▶ Your objective
Every line of the data is to be retyped exactly.

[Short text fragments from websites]
###
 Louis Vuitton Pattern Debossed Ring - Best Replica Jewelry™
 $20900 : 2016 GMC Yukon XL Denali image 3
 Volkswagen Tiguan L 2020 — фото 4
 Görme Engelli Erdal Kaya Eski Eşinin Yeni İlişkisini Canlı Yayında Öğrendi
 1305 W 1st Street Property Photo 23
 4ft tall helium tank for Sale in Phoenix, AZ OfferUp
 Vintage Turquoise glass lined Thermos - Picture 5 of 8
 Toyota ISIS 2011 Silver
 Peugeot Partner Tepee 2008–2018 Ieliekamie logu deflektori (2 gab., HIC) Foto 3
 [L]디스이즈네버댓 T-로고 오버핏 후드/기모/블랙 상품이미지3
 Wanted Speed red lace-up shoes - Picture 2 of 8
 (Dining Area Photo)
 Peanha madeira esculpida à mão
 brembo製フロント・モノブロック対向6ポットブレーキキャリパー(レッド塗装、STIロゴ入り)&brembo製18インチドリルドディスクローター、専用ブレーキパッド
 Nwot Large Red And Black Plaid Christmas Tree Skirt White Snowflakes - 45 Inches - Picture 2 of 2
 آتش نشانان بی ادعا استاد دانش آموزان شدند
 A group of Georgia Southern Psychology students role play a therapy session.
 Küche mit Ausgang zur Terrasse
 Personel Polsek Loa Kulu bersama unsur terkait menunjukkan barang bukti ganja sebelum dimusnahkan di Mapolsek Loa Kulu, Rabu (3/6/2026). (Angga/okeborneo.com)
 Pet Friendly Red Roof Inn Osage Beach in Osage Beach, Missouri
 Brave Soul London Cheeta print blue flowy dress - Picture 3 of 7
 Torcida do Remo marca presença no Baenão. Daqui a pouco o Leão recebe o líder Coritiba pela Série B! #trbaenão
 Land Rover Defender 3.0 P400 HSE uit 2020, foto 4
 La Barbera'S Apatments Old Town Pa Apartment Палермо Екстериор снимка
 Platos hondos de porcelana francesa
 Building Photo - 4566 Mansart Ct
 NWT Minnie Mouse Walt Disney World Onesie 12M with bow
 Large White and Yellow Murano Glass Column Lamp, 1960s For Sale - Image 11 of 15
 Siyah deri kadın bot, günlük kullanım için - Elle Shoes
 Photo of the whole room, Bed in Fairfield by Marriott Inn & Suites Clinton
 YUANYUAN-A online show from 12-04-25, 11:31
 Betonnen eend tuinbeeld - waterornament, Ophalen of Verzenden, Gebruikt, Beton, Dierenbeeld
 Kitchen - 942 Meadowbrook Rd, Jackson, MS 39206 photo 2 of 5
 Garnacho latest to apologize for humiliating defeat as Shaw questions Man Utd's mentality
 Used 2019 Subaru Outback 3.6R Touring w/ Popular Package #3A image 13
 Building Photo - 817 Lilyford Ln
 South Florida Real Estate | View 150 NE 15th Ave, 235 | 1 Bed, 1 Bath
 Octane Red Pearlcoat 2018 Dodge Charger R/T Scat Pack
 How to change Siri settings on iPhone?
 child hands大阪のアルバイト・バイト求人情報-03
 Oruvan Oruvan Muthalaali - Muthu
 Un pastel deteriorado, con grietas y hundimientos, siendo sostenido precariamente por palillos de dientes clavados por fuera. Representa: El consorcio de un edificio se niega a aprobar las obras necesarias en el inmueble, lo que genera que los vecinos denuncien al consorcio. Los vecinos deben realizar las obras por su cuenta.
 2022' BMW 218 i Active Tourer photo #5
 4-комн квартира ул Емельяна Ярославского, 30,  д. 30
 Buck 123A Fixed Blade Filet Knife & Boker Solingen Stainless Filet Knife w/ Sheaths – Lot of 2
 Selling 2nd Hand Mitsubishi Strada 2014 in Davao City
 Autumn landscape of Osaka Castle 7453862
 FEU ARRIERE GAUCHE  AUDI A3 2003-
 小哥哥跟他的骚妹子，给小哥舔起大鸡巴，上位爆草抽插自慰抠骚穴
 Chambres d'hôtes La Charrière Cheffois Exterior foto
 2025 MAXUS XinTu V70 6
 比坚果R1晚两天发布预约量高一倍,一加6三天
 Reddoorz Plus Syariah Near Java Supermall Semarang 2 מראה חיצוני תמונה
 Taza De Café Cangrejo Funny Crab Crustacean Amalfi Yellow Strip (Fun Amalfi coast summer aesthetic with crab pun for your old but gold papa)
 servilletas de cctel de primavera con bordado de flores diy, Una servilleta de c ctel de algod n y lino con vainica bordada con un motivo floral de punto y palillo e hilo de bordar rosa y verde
###
▶ Expected answer
 Louis Vuitton Pattern Debossed Ring - Best Replica Jewelry™
 $20900 : 2016 GMC Yukon XL Denali image 3
 Volkswagen Tiguan L 2020 — фото 4
 Görme Engelli Erdal Kaya Eski Eşinin Yeni İlişkisini Canlı Yayında Öğrendi
 1305 W 1st Street Property Photo 23
 4ft tall helium tank for Sale in Phoenix, AZ OfferUp
 Vintage Turquoise glass lined Thermos - Picture 5 of 8
 Toyota ISIS 2011 Silver
 Peugeot Partner Tepee 2008–2018 Ieliekamie logu deflektori (2 gab., HIC) Foto 3
 [L]디스이즈네버댓 T-로고 오버핏 후드/기모/블랙 상품이미지3
 Wanted Speed red lace-up shoes - Picture 2 of 8
 (Dining Area Photo)
 Peanha madeira esculpida à mão
 brembo製フロント・モノブロック対向6ポットブレーキキャリパー(レッド塗装、STIロゴ入り)&brembo製18インチドリルドディスクローター、専用ブレーキパッド
 Nwot Large Red And Black Plaid Christmas Tree Skirt White Snowflakes - 45 Inches - Picture 2 of 2
 آتش نشانان بی ادعا استاد دانش آموزان شدند
 A group of Georgia Southern Psychology students role play a therapy session.
 Küche mit Ausgang zur Terrasse
 Personel Polsek Loa Kulu bersama unsur terkait menunjukkan barang bukti ganja sebelum dimusnahkan di Mapolsek Loa Kulu, Rabu (3/6/2026). (Angga/okeborneo.com)
 Pet Friendly Red Roof Inn Osage Beach in Osage Beach, Missouri
 Brave Soul London Cheeta print blue flowy dress - Picture 3 of 7
 Torcida do Remo marca presença no Baenão. Daqui a pouco o Leão recebe o líder Coritiba pela Série B! #trbaenão
 Land Rover Defender 3.0 P400 HSE uit 2020, foto 4
 La Barbera'S Apatments Old Town Pa Apartment Палермо Екстериор снимка
 Platos hondos de porcelana francesa
 Building Photo - 4566 Mansart Ct
 NWT Minnie Mouse Walt Disney World Onesie 12M with bow
 Large White and Yellow Murano Glass Column Lamp, 1960s For Sale - Image 11 of 15
 Siyah deri kadın bot, günlük kullanım için - Elle Shoes
 Photo of the whole room, Bed in Fairfield by Marriott Inn & Suites Clinton
 YUANYUAN-A online show from 12-04-25, 11:31
 Betonnen eend tuinbeeld - waterornament, Ophalen of Verzenden, Gebruikt, Beton, Dierenbeeld
 Kitchen - 942 Meadowbrook Rd, Jackson, MS 39206 photo 2 of 5
 Garnacho latest to apologize for humiliating defeat as Shaw questions Man Utd's mentality
 Used 2019 Subaru Outback 3.6R Touring w/ Popular Package #3A image 13
 Building Photo - 817 Lilyford Ln
 South Florida Real Estate | View 150 NE 15th Ave, 235 | 1 Bed, 1 Bath
 Octane Red Pearlcoat 2018 Dodge Charger R/T Scat Pack
 How to change Siri settings on iPhone?
 child hands大阪のアルバイト・バイト求人情報-03
 Oruvan Oruvan Muthalaali - Muthu
 Un pastel deteriorado, con grietas y hundimientos, siendo sostenido precariamente por palillos de dientes clavados por fuera. Representa: El consorcio de un edificio se niega a aprobar las obras necesarias en el inmueble, lo que genera que los vecinos denuncien al consorcio. Los vecinos deben realizar las obras por su cuenta.
 2022' BMW 218 i Active Tourer photo #5
 4-комн квартира ул Емельяна Ярославского, 30,  д. 30
 Buck 123A Fixed Blade Filet Knife & Boker Solingen Stainless Filet Knife w/ Sheaths – Lot of 2
 Selling 2nd Hand Mitsubishi Strada 2014 in Davao City
 Autumn landscape of Osaka Castle 7453862
 FEU ARRIERE GAUCHE  AUDI A3 2003-
 小哥哥跟他的骚妹子，给小哥舔起大鸡巴，上位爆草抽插自慰抠骚穴
 Chambres d'hôtes La Charrière Cheffois Exterior foto
 2025 MAXUS XinTu V70 6
 比坚果R1晚两天发布预约量高一倍,一加6三天
 Reddoorz Plus Syariah Near Java Supermall Semarang 2 מראה חיצוני תמונה
 Taza De Café Cangrejo Funny Crab Crustacean Amalfi Yellow Strip (Fun Amalfi coast summer aesthetic with crab pun for your old but gold papa)
 servilletas de cctel de primavera con bordado de flores diy, Una servilleta de c ctel de algod n y lino con vainica bordada con un motivo floral de punto y palillo e hilo de bordar rosa y verde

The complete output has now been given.